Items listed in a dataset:
▼▼▼

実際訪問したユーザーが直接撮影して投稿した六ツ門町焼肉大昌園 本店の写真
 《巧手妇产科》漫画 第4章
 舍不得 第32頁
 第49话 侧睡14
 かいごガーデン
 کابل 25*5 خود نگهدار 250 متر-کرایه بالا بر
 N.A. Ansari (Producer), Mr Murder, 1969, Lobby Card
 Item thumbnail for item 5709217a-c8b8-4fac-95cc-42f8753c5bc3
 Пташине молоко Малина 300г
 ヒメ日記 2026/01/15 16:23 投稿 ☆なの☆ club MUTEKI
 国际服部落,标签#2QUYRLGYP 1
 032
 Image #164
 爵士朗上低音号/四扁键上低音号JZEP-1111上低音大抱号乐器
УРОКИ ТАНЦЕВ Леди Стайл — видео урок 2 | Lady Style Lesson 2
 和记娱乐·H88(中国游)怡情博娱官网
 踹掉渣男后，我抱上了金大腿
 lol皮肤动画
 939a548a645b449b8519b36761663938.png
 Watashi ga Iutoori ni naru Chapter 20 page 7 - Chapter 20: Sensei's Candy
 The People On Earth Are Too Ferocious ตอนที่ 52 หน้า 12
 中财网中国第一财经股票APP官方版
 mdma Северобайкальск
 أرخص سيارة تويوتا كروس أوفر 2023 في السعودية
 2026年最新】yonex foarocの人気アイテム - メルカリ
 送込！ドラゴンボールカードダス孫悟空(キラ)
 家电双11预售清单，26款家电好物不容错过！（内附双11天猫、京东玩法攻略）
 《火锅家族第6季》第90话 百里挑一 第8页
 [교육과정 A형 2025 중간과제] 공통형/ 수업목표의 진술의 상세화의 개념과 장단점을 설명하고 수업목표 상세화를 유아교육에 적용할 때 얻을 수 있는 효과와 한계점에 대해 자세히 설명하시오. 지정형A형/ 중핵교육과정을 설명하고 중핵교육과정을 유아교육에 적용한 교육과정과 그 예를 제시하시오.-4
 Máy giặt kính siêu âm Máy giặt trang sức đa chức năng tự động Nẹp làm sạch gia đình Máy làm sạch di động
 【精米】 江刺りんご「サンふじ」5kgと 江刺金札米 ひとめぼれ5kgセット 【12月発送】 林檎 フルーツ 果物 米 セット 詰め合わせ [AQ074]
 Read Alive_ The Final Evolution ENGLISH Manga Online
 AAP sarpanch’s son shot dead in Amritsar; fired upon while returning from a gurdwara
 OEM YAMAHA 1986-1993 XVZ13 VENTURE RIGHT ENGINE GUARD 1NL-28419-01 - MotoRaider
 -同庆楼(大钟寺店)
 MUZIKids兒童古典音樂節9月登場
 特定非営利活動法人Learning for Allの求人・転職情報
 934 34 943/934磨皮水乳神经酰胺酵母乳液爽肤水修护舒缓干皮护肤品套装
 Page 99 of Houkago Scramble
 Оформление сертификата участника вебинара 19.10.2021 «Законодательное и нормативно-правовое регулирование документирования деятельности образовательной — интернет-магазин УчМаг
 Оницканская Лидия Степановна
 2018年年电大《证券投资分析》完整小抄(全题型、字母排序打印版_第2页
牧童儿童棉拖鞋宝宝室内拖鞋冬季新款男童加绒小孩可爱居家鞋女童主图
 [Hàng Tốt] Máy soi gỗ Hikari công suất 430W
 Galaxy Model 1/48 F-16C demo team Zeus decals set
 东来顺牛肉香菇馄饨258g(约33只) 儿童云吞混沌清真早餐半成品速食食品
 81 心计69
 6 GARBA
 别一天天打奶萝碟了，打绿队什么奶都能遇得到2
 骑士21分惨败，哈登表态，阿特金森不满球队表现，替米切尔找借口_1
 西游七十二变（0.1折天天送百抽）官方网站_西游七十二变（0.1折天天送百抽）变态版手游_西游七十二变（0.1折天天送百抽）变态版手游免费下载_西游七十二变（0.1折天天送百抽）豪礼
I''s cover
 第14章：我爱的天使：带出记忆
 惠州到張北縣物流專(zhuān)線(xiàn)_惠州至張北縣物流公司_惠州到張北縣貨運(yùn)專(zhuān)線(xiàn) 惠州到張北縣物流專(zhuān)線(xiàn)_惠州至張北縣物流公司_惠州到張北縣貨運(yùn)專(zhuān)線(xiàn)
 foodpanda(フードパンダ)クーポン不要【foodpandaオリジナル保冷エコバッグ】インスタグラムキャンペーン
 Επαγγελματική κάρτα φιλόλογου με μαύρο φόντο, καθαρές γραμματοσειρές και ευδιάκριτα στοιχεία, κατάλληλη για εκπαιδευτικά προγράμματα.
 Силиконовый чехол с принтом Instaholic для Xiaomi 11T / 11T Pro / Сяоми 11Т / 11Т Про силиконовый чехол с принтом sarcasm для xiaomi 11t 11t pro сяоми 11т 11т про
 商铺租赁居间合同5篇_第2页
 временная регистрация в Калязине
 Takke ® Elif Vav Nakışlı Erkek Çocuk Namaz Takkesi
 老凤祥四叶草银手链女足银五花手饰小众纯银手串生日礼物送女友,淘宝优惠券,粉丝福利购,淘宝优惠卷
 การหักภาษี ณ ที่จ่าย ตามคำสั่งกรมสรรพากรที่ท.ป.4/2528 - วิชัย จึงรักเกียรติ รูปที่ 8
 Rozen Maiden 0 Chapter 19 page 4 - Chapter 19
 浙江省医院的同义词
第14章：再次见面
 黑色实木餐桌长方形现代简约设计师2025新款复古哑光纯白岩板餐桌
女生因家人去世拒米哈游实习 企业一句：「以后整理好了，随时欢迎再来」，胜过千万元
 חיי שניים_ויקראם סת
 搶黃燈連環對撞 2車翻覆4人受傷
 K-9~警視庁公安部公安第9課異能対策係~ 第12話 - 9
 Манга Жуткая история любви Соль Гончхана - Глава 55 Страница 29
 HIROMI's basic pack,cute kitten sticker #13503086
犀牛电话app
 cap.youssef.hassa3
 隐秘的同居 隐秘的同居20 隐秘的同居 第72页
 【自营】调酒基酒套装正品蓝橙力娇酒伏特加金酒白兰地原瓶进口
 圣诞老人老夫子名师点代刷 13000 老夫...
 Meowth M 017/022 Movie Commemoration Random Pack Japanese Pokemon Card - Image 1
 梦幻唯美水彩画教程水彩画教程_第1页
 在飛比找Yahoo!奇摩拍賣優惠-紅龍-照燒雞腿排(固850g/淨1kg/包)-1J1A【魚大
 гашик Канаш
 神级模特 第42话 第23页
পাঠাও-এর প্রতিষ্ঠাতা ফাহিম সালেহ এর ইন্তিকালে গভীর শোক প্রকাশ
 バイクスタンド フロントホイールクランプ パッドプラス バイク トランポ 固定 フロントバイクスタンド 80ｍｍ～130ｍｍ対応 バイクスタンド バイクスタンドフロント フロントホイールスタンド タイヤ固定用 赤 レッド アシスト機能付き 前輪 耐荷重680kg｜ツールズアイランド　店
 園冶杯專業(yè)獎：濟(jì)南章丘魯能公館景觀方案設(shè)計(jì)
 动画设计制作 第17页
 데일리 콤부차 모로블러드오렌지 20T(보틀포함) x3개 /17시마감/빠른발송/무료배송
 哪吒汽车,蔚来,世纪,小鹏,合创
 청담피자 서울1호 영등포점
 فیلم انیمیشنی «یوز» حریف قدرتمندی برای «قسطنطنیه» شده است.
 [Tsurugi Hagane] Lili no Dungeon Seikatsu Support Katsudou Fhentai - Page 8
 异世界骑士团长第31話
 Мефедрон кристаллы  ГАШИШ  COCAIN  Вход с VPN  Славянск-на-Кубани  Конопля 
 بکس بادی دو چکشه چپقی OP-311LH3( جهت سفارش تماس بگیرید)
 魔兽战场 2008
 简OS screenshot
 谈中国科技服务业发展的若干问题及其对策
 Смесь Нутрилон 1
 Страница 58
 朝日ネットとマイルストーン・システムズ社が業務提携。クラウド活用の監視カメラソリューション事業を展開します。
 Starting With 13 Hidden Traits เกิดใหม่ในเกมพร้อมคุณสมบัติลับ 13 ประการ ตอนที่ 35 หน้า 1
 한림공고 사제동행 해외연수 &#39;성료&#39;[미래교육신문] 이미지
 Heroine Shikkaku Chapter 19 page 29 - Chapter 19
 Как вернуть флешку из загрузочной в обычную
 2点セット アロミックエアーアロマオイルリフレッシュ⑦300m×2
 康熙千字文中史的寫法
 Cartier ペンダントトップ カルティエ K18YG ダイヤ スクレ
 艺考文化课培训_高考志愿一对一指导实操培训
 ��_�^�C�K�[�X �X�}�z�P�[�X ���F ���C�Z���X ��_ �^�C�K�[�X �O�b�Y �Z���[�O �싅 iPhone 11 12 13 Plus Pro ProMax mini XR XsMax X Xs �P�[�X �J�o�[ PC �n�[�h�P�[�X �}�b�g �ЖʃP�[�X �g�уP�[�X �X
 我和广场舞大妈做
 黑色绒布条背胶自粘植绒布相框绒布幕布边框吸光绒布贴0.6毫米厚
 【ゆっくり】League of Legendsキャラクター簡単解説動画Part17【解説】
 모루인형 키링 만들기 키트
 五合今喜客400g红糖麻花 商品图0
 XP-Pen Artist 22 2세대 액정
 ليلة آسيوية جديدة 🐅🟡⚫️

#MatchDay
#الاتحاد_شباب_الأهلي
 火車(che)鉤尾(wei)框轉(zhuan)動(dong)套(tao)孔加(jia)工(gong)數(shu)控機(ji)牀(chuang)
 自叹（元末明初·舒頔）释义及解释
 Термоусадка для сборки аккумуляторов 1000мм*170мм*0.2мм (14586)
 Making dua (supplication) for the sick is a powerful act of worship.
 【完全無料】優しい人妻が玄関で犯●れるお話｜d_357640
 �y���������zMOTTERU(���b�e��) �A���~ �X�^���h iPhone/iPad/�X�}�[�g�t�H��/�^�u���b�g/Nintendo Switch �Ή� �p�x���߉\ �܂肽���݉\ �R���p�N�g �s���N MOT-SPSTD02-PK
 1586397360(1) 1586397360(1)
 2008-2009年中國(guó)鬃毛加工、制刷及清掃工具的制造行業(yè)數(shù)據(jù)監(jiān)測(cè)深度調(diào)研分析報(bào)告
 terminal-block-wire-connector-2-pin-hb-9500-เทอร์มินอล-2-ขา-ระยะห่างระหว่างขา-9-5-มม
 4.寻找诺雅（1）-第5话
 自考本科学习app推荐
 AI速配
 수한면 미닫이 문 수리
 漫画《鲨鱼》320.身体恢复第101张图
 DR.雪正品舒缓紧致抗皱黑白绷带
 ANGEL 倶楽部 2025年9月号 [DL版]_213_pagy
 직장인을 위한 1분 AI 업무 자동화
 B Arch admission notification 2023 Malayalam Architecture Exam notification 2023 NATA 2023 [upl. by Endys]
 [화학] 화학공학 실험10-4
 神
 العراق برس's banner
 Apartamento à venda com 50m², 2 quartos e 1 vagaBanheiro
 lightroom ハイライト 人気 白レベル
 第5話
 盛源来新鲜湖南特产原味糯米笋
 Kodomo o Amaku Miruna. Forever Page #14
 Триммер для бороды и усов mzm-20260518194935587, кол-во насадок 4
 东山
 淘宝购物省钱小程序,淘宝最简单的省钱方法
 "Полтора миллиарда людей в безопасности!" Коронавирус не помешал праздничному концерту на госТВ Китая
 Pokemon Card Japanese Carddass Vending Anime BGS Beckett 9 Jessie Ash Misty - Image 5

▲▲▲

• **WHAT TO DO**
After locating the line that contains "Пташине молоко Малина 300г", please copy exactly every line from the start of the records through it, and nothing else.

• **OUTPUT BELOW**
実際訪問したユーザーが直接撮影して投稿した六ツ門町焼肉大昌園 本店の写真
 《巧手妇产科》漫画 第4章
 舍不得 第32頁
 第49话 侧睡14
 かいごガーデン
 کابل 25*5 خود نگهدار 250 متر-کرایه بالا بر
 N.A. Ansari (Producer), Mr Murder, 1969, Lobby Card
 Item thumbnail for item 5709217a-c8b8-4fac-95cc-42f8753c5bc3
 Пташине молоко Малина 300г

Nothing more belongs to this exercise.